A Roti to Die For

The life and times of a Trinidadian invention. Niala Maharaj goes in search of the World's Greatest Roti-Shop

  • Illustrations by Christopher Cozier
  • Illustrations by Christopher Cozier
  • Illustrations by Christopher Cozier
  • Illustrations by Christopher Cozier
  • Illustrations by Christopher Cozier
  • Illustrations by Christopher Cozier
  • Illustrations by Christopher Cozier

The roti, to the Trinidadian, is what the bagel is to the New Yorker. Invented in Trinidad, it is based on culinary ideas brought by immigrants from India in the last century. Roti, in Hindi, implies a savoury pancake. It may be plain (sada), stuffed with spicy ground lentils (dalphourie), or folded over and over into a pastry, like dream (paratha). The Trinidadian roti, however, is a mutant species: curried meat and vegetables are slapped into the centre of the roti, pancake and folded into a thick, chunky snack that tastes like nothing else on earth.

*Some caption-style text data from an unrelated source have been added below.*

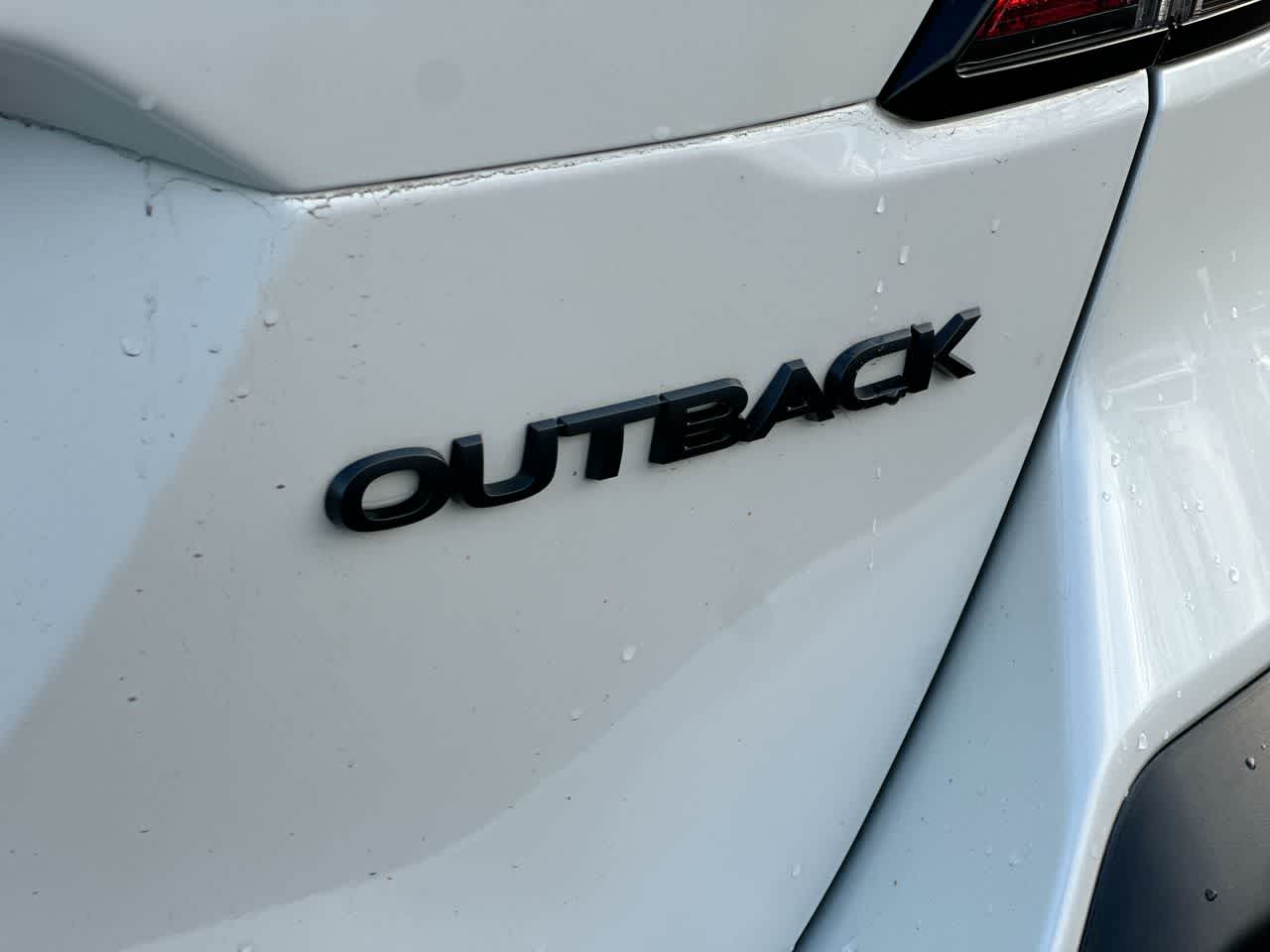 Thumbnail: 2023 Subaru Outback - 18
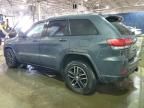 2017 Jeep Grand Cherokee Trailhawk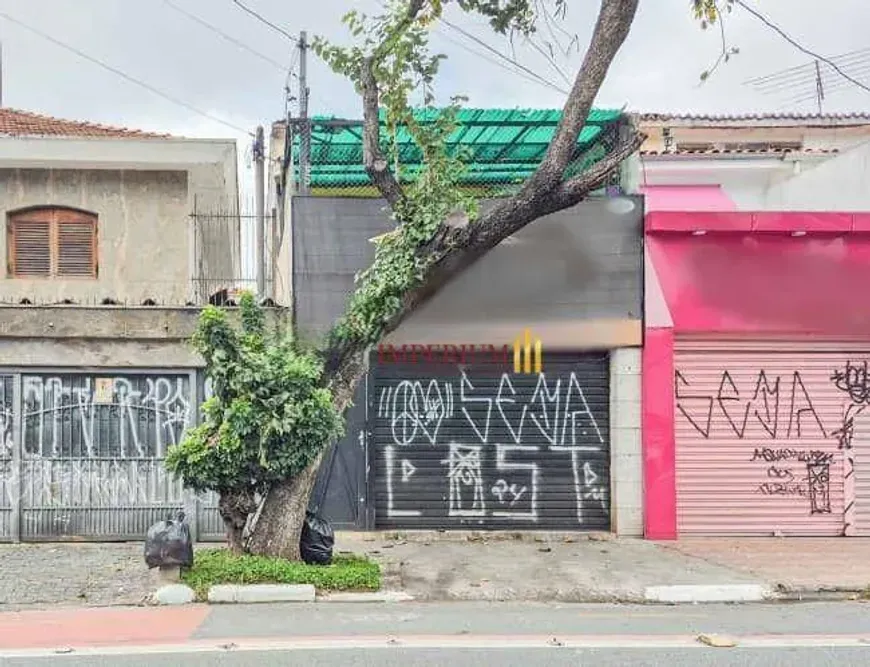 Foto do imóvel - Ponto comercial/Loja/Box para alugar com 84 m², 2 banheiros, 1 vaga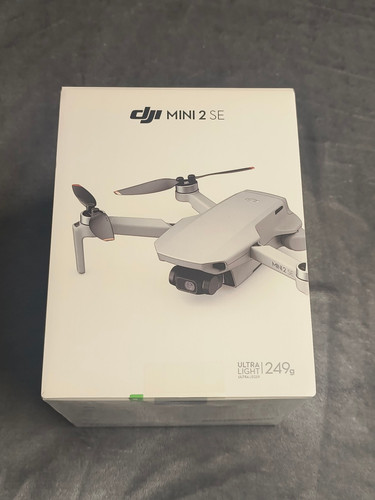 Dji mini replacement - -,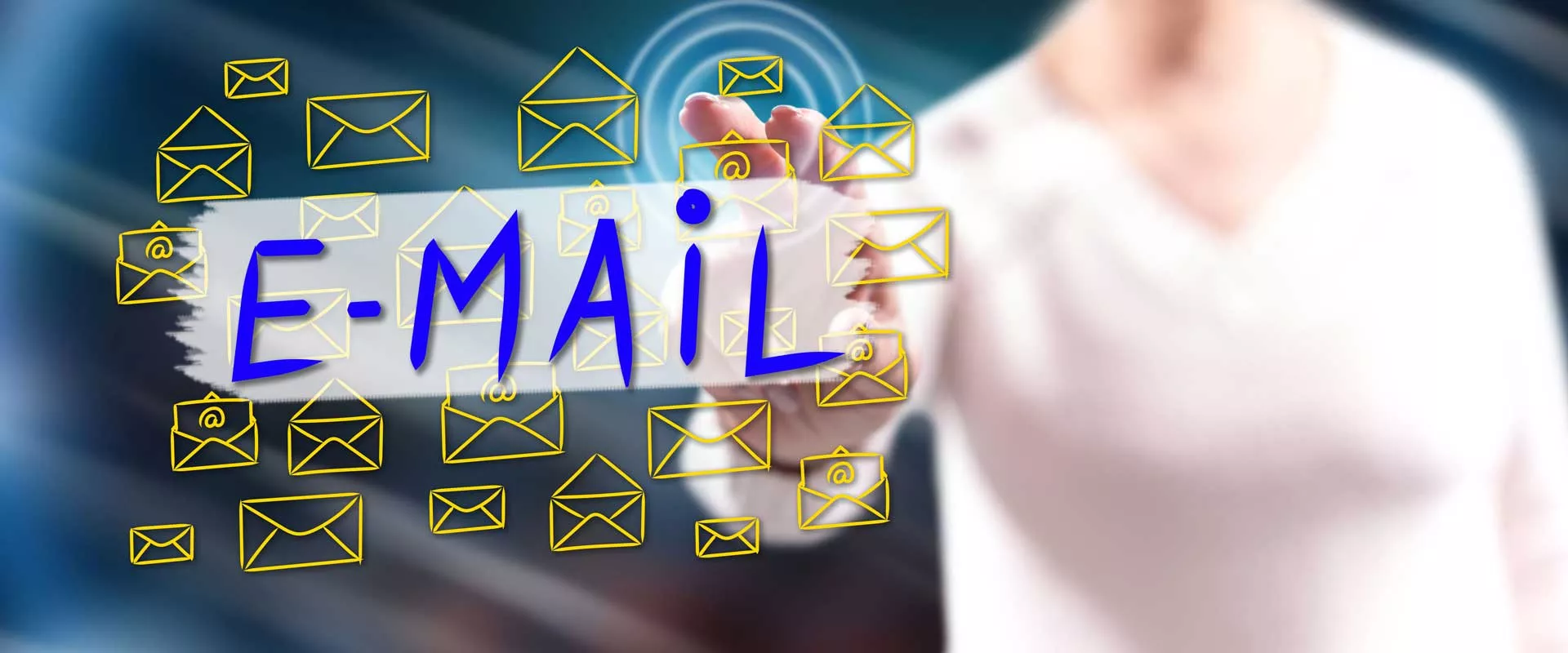  Mail-Service, niegl-computer Systeme & Service, Mörfelden-Walldorf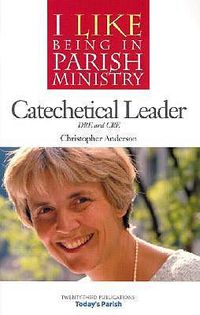 Cover image for Catechetical Leader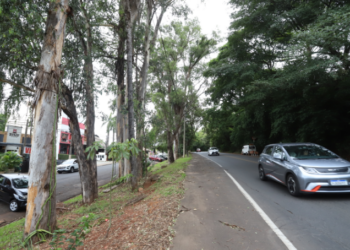 Bloqueio na Rua Maria Tereza Dias da Silva, na Cidade Universitária, será retomado nesta sexta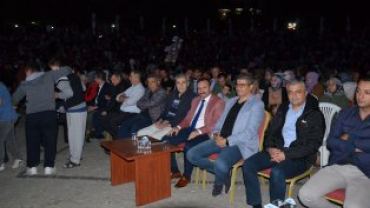 Emfest'te Anadolu'nun İncisi Bor Madeni Günüydü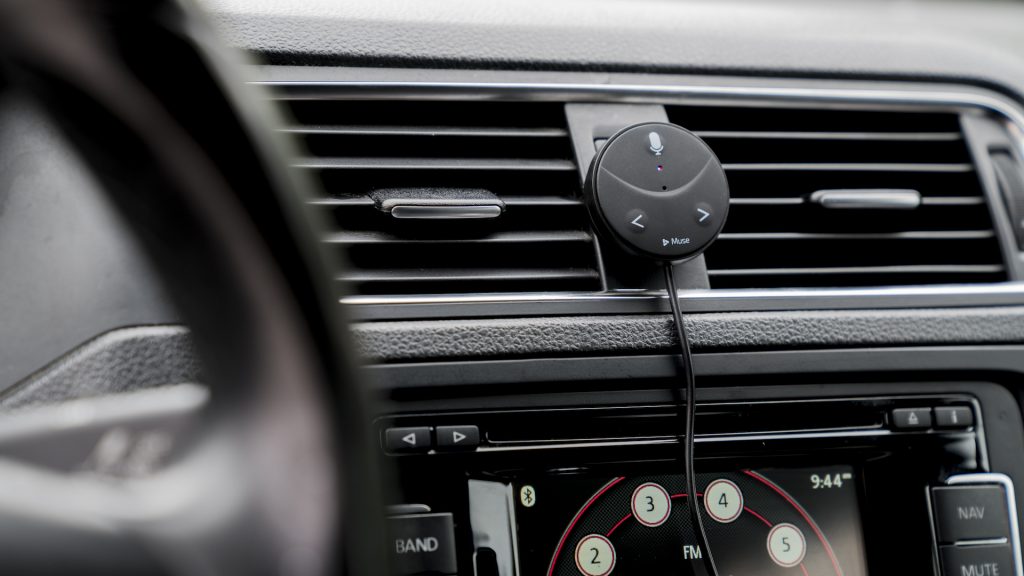 connected car, Smart Home, hubs, car electronics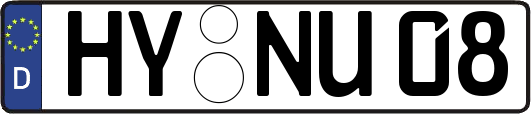 HY-NU08
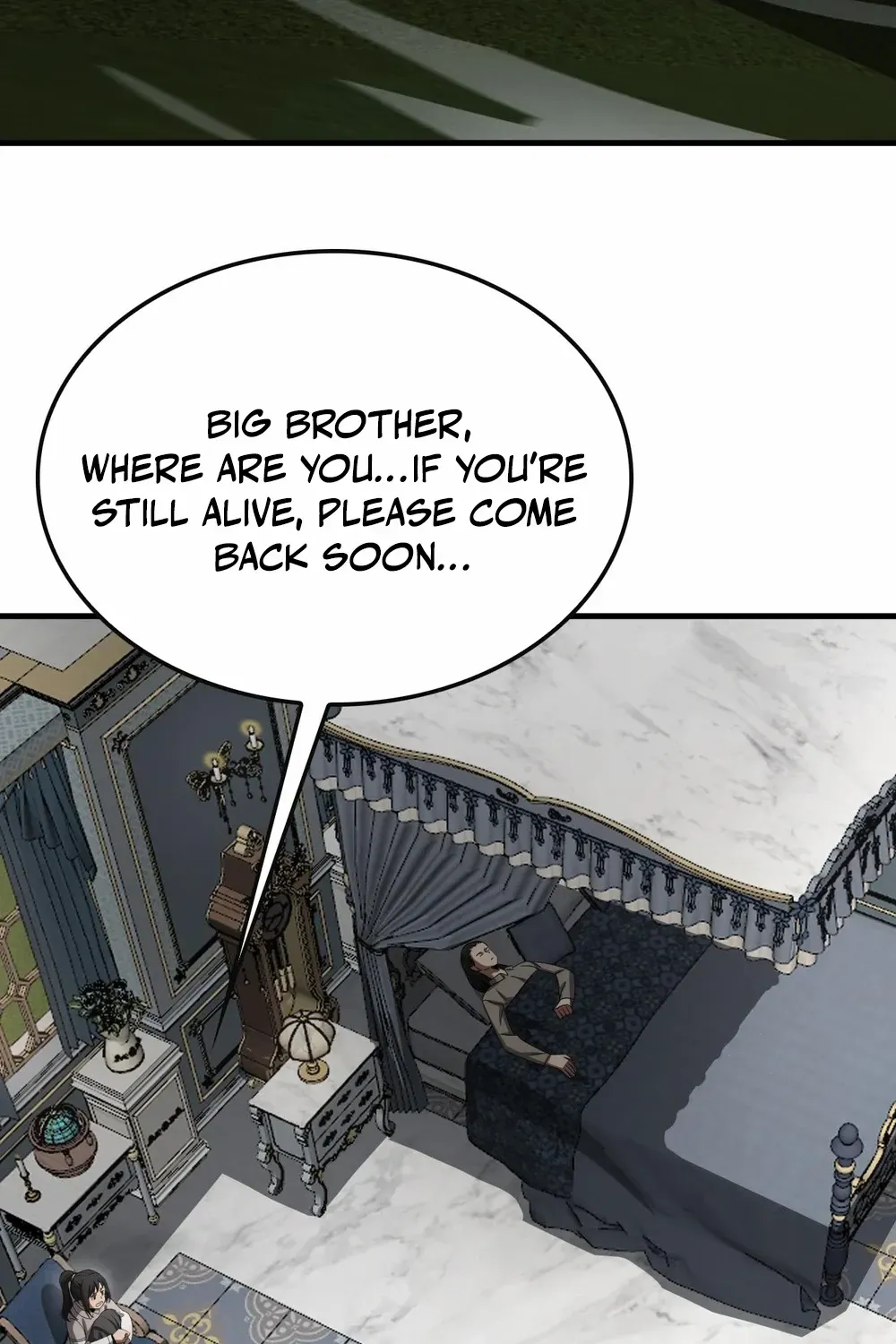 Doomsday Sword God Chapter 64 page 5 - 
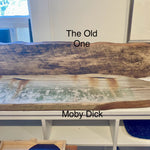 Driftwood Whales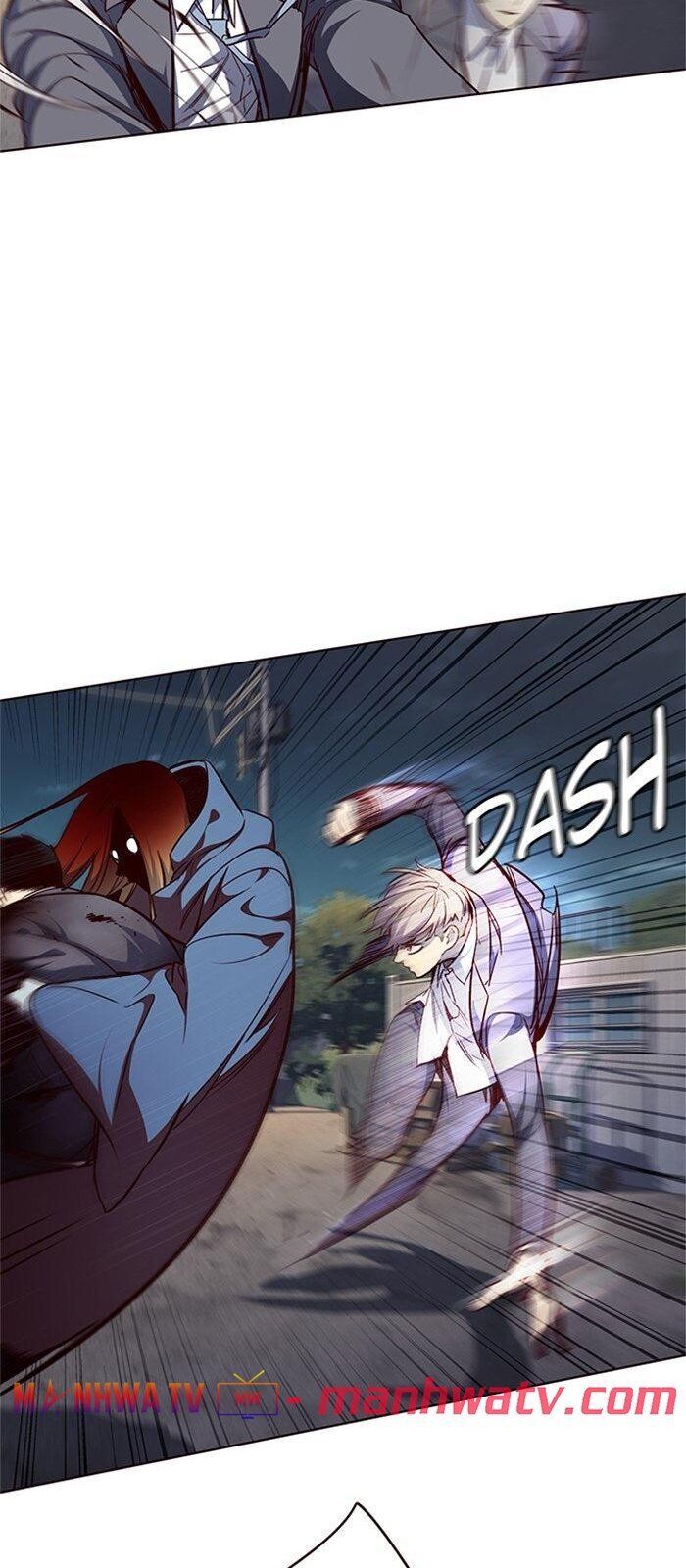 Hoá Thân Thành Mèo Chapter 42 - Trang 2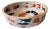 Antique Ironstone Imari Bowl For Sale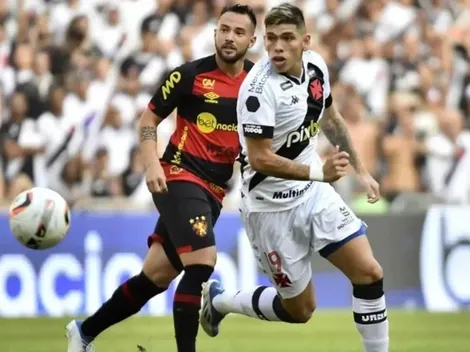 Ronald Fuentes no oculta sus ganas de quitarle el fichaje de Palacios a Colo Colo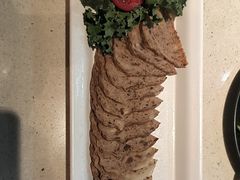 -一叶一世界·素食餐厅(锦华万达店)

When I die and go to heaven–as some people doubt I will – the first thing I’m going to do is look for Thin-Dolly’s Roti Shop. Thin-Dolly herself may not deserve to go to heaven, but heaven would not be heaven without Thin-Dolly’s roti. It stands to reason that any God worth HIS name would press Thin-Dolly into service as Roti-maker to the Righteous for all eternity, as a punishment for her sins.

Thin-Dolly was the first roti-maker in my life. She was the evening cook at my uncle’s snackette in east Trinidad. The correct pronunciation of her name was Tin-door-lie. In no way was she to be confused with Fat-Dolly, the morning, cook. First of all, Fat-Dolly was fat, as her name suggests. Her body quivered and jiggled as she wielded her rolling pin every morning. Then, Fat-Dolly had that habit fat people are reputed to have. She laughed. Fat-Dolly would giggle at anything – a customer with his hat on back-to-front, a cockroach running across the floor, a leaf blowing through the door. Not a good sign in a roti-maker. None of the creative tension that great art and roti-making requires.

Thin-Dolly by contrast, regarded roti-making as a labour of hate. Beginning work at dusk, when my uncle’s “snackette” transmuted miraculously into a “rum-shop” where the dregs of society gathered to spit and circulate and challenge each other to fight, Thin-Dolly’s presence in the kitchen was like that of Grim Reaper. Standing over the kerosene stove, her thin legs rigid, her scrawny arms stretched to turn a large pot of curry, she somehow managed to convey the message that all flesh was grass, that  we were all food for worms, and that she was certainly not amused by the silly antics of lowly worm-food.

Not that I ever heard her say anything to that effect. I never heard Thin-Dolly talk. Thin-Dolly was the world’s greatest mutterer. “These potatoes only good to feed hog,” was the main gist of her utterances.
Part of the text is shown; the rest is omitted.